Friday, November 29, 2019

The Martians are coming…


 by Ben Soton

The War of the Worlds (2019). Three-part mini-series on BBC1, from Sunday 17th November, 2019 at 9pm. Also available on BBC iPlayer.
Mini-series written/adapted by Peter Harness from the original story by HG Wells. Stars: Eleanor Tomlinson, Rafe Spall, Robert Carlyle and Rupert Graves.
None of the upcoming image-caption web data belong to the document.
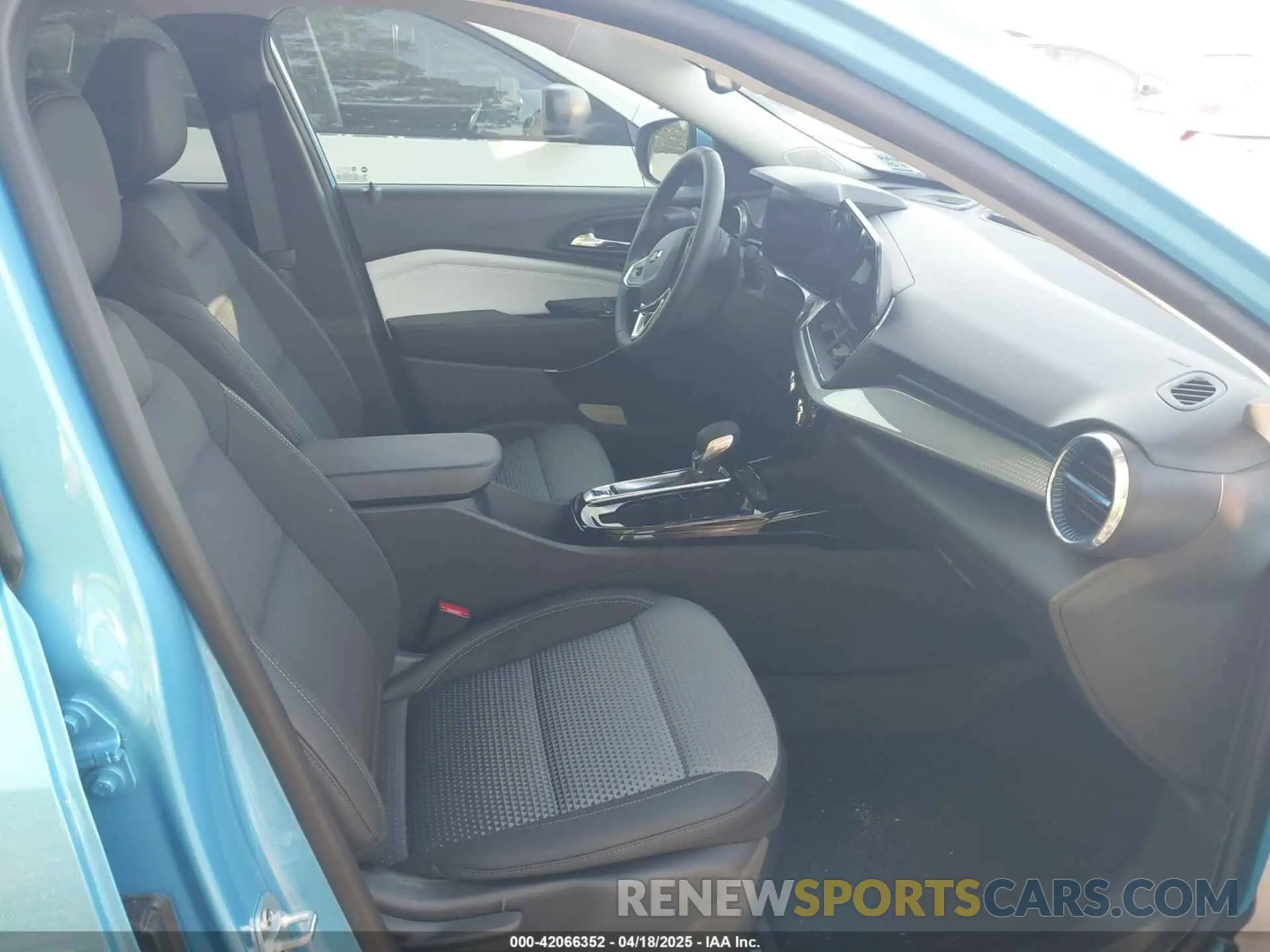 5 Photograph of a damaged car KL77LHEP7SC193966 CHEVROLET TRAX 2025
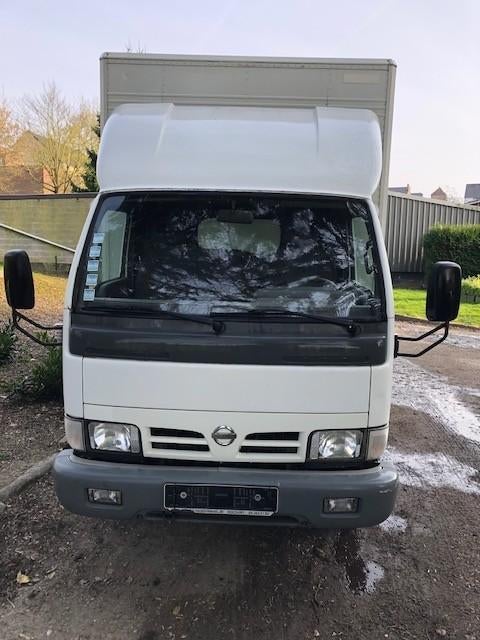 Nissan Cabstar 3.0 D, Auto's, Elektrische ramen, 4 cilinders, Wit, Bedrijf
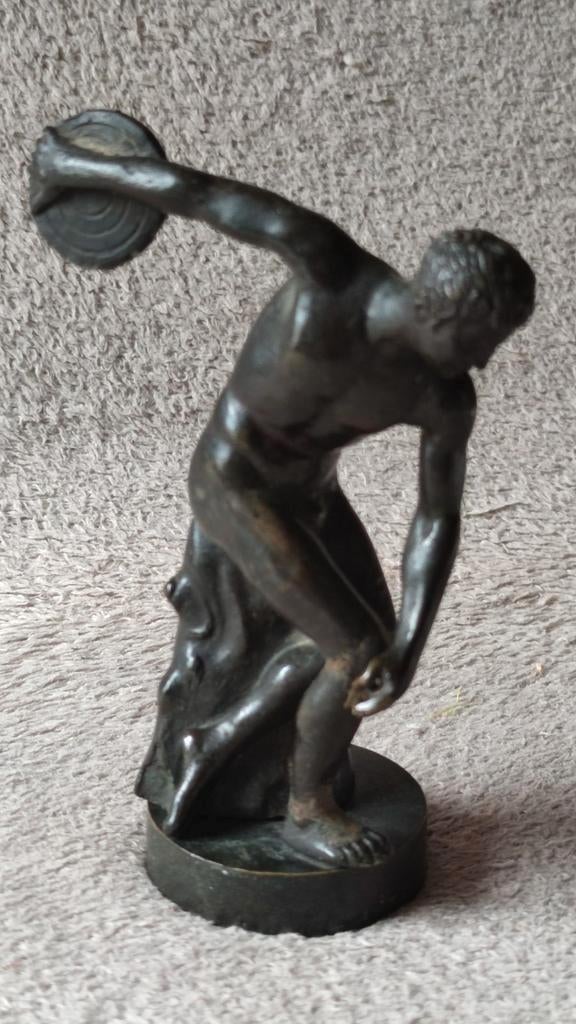 Bronzen beeldje van discuswerper / discobolos - brons 500 gr, Antiek en Kunst, Kunst | Beelden en Houtsnijwerken, Ophalen of Verzenden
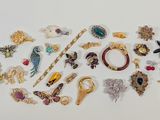 plusieurs types de bijoux différents sur une surface blanche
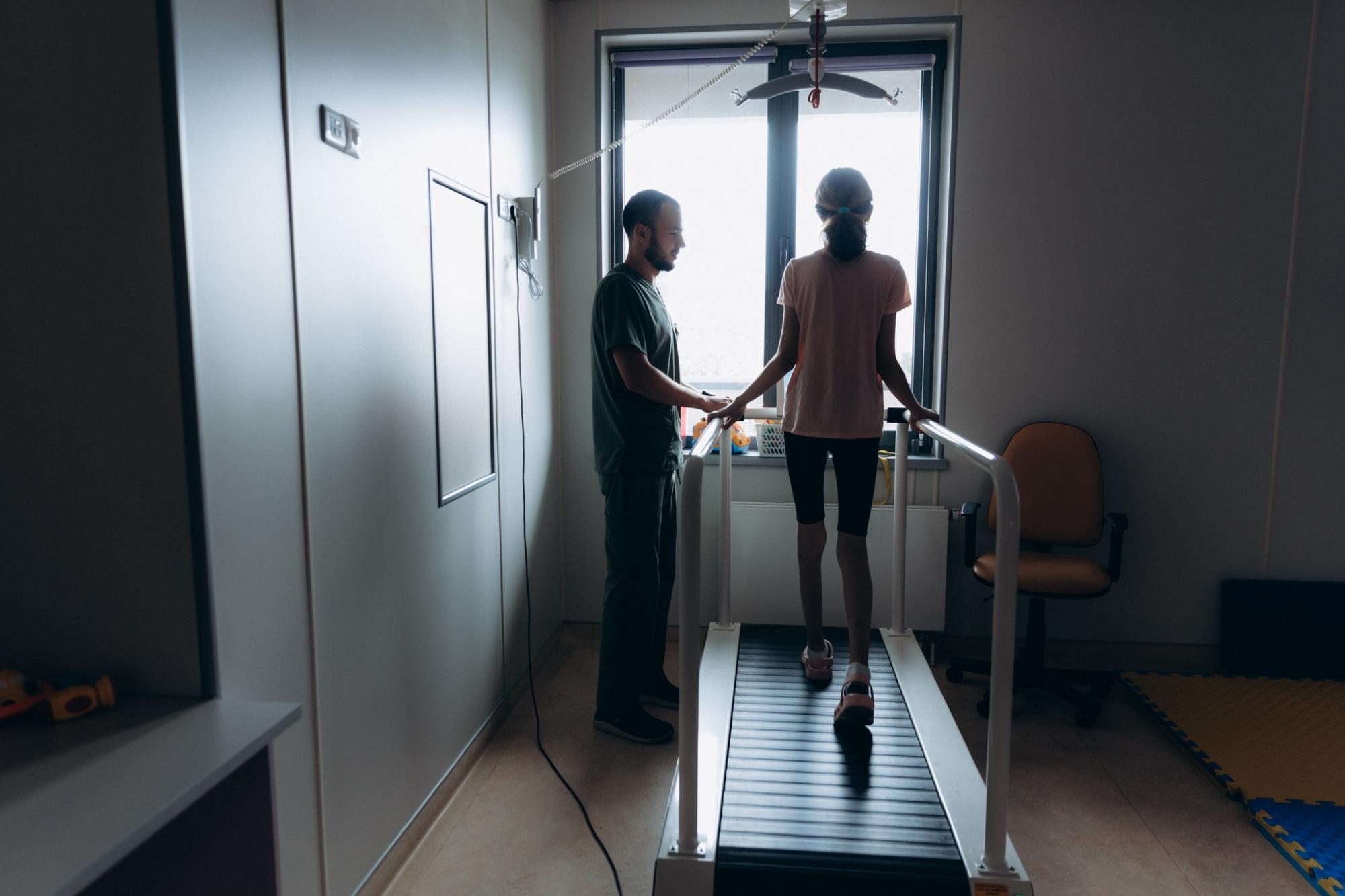 Фото мами стало останнім: 13-річна Катя лишилася сиротою через обстріл вокзалу в Краматорську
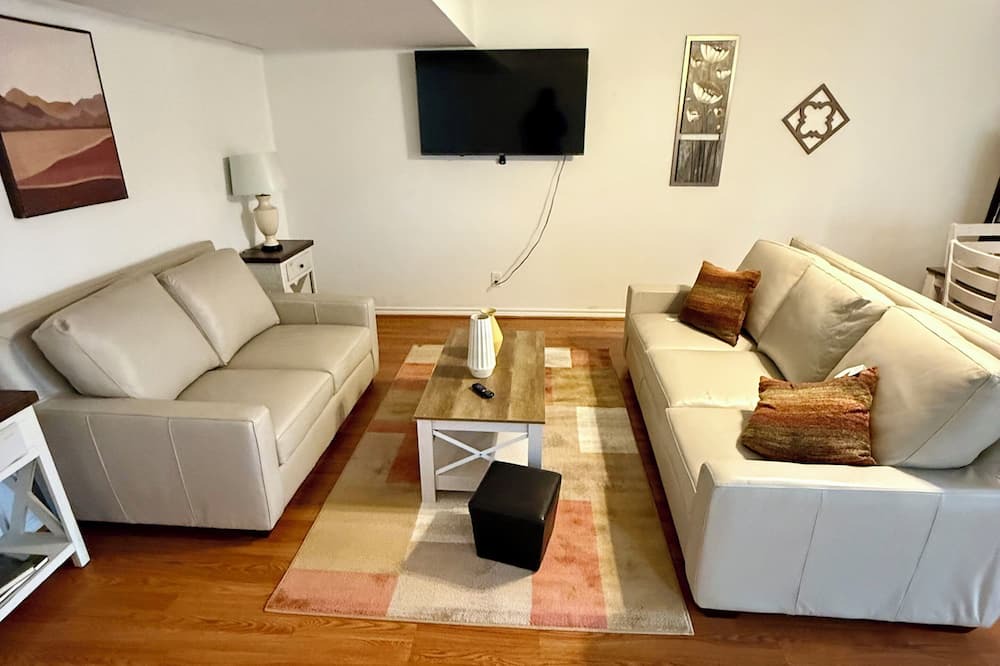 Garland House | 3-bedroom house in lovely Garland with WiFi, AC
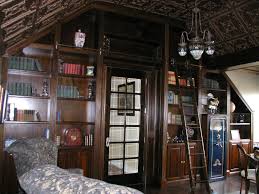 Bagi yang gemar membaca, buku adalah hal yang paling menyenangkan dan merupakan jalan pintas untuk melihat dunia, sehingga mengoleksi buku adalah sesuatu yang penting. 8 Ide Desain Perpustakaan Mini Di Rumah Bikin Hobi Baca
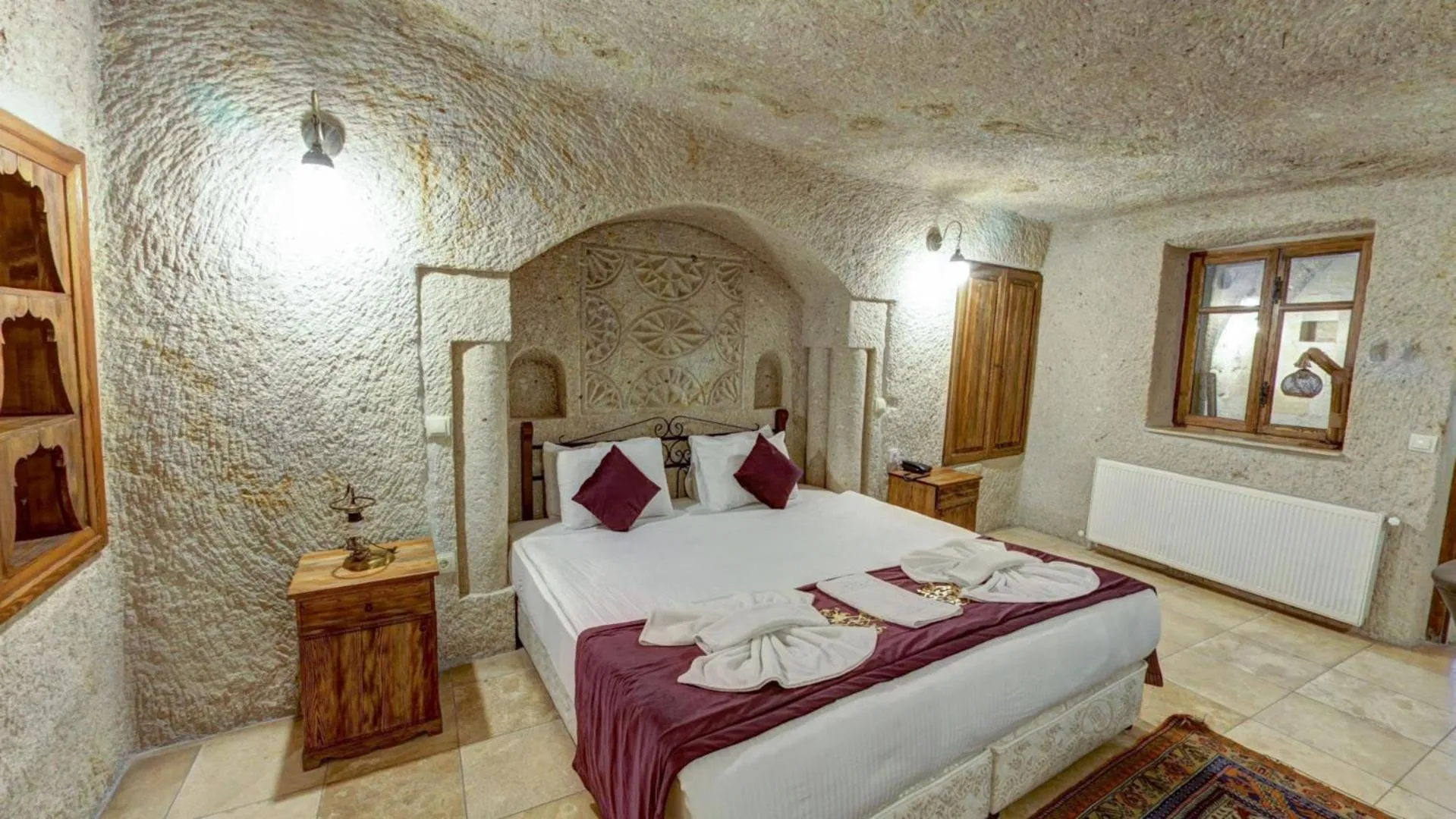 Bed in Elegance Cave Suites & Restaurant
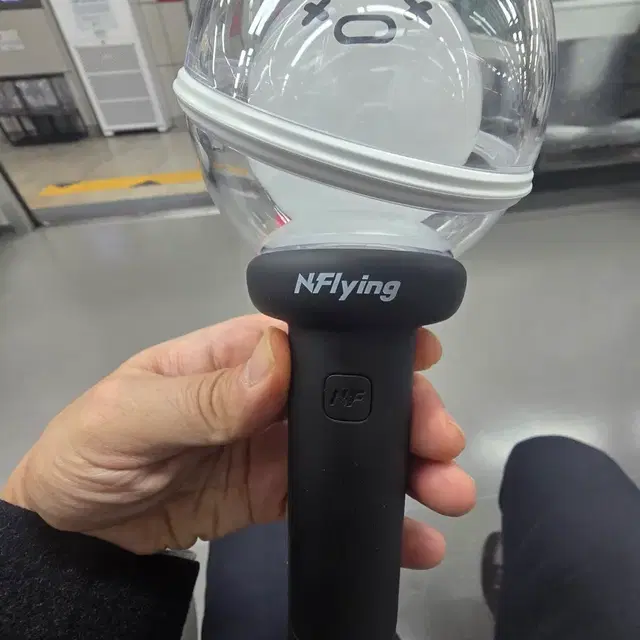 엔플라잉 응원봉 엔피봉 양도합니다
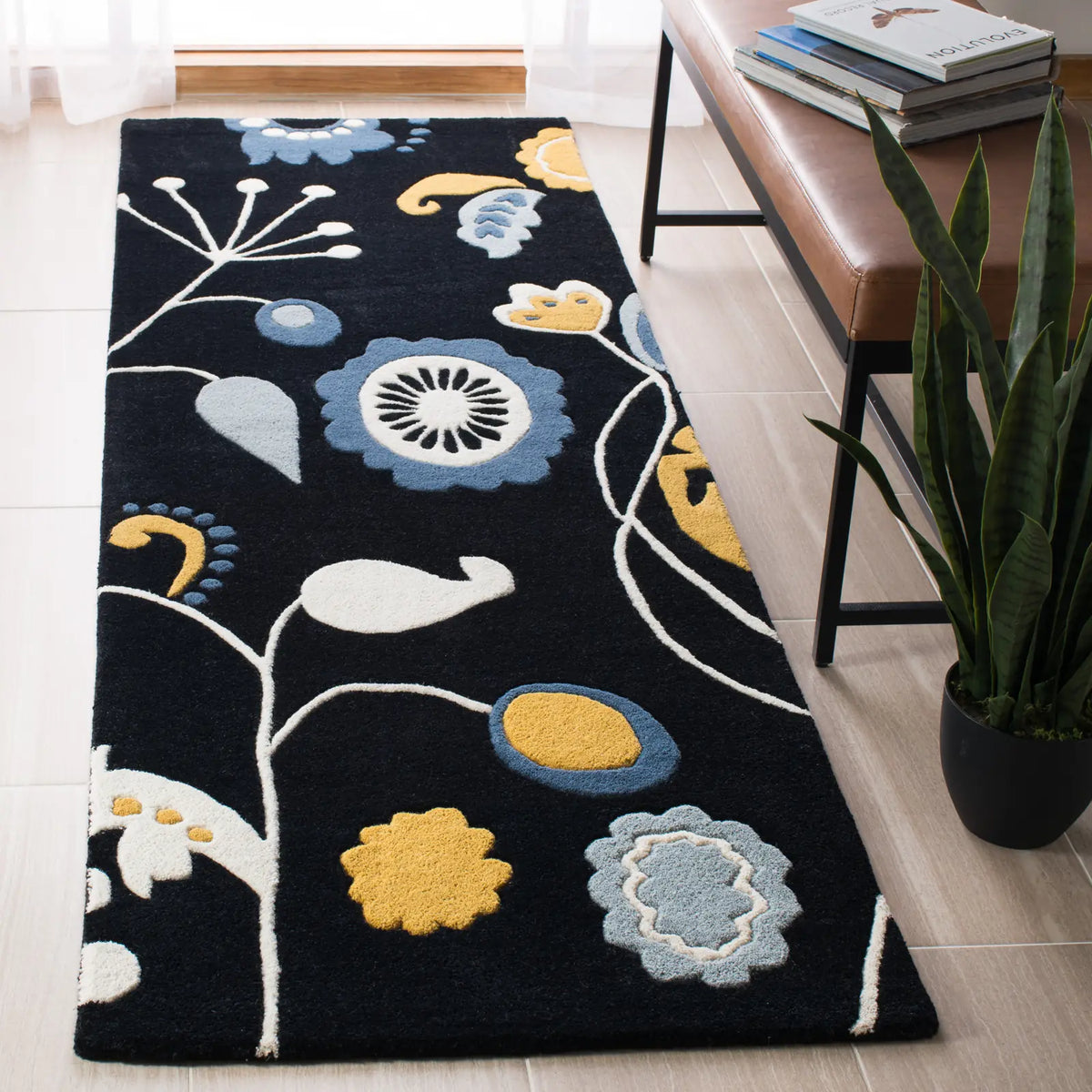 Safavieh Soho 2'-6" x 8'-0" Rug in Black / Multi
A good way to start the week ahead is a decent Sunday night of television viewing. With this in mind, BBC1’s adaptation of HG Wells’ War of the Worlds is worth watching. First published in 1898, War of the Worlds taps on the then popular belief that Mars was covered by canals built by Martians desperately trying to save their ‘dying’ planet. It was also probably the first book to take on the issue of ‘contact’ with extra-terrestrial life that inspired a tranche of ‘alien invaders’ stories in the years to come.
In this case it’s Martians in tripods blasting late Victorian London and the Home Counties with lasers; parasites intent on using the human race as food. Wells created a blueprint for future sci-fi stories including the Terry Nation’s Daleks, featuring heavily in Dr Who and 20th Century Fox’s Independence Day franchise.
Herbert George Wells was writing during the ‘belle epoque’; the bourgeois ‘golden age’ between the last years of Queen Victoria and the First World War when the British Empire seemed to be supreme. The plunder of empire brought great riches to the ruling class as well as rising class tensions at home, in an era that saw the carve-up of Africa by Britain and the other European powers as well as technological change based on continued scientific development. These events inspired Wells’ novels including The Time Machine and The Island of Dr Moreau.    This War of the Worlds adaptation is, in many ways, an analogy of European imperialist culture and the colonisation of Africa that was taking place when the book was written. Khaki-clad riflemen are ineffective against the tripods with laser-firing death rays and poison gas – like spear-throwing natives against soldiers armed with Gatling guns and a hint at horrors still to come in the 20th century.
Government ministers, used to ruling over an Empire, appear as impotent as tribal chiefs dealing with European invaders whilst the Martians’ desire to consume human beings is a possible reference to the parasitic nature of imperialism. The Martians land on 12th August – the ‘Glorious Twelfth’ which marks the start of the grouse-shooting season and is possibly a reference to the upper-class obsession with shooting at things that can’t shoot back.
This is the first attempt to present the story as a television series. It has seen two film adaptations, made in 1953 and 2005, a spoof send-up in 1996 as well as a musical, and the legendary Orson Welles radio broadcast that led some American listeners believe a Martian invasion was really taking place.
Unlike previous adaptations this television series is set in the Edwardian era, which is much closer to the original story. All three films were set in the USA, with the 1953 version containing a Cold-War anti-communist theme.
It is good to see a classic novel told in its original form, whilst benefiting from the use of CGI to show the destruction caused by the Martian imperialists. The scene showing the destruction of London resembled the Kuwaiti oil-fields after the US-led invasion of 1991.
This mini-series does seriously depart from the book, however. There’s a sub-plot concerning the marital situation of the main characters. Amy (played by Eleanor Tomlinson) and George (played by Rafe Spall) are an unmarried couple, which was considered scandalous in Wells’ day. George had previously been married to his cousin, ironically considered acceptable, who refused to grant him a divorce.
Ostracised from polite society the couple move to Woking, where news of their situation soon twitches a few curtains. This aspect of the story is a critique of the morality of the period and an argument for reform of divorce law. The implicit homosexuality of their neighbour and scientist friend Ogilvy (played by Robert Carlyle), who describes himself as a “well turned out bachelor”, is reference to the draconian treatment of Oscar Wilde who was imprisoned in 1895.
All of this has come under fire from ‘traditionalist’ TV critics, who cannot see that it is pointless simply to retell a story whose ending everybody knows and which ignores the fact that all previous adaptations have also strayed dramatically from the original. Take no notice. If you’re not already watching it catch it now on BBC iPlayer!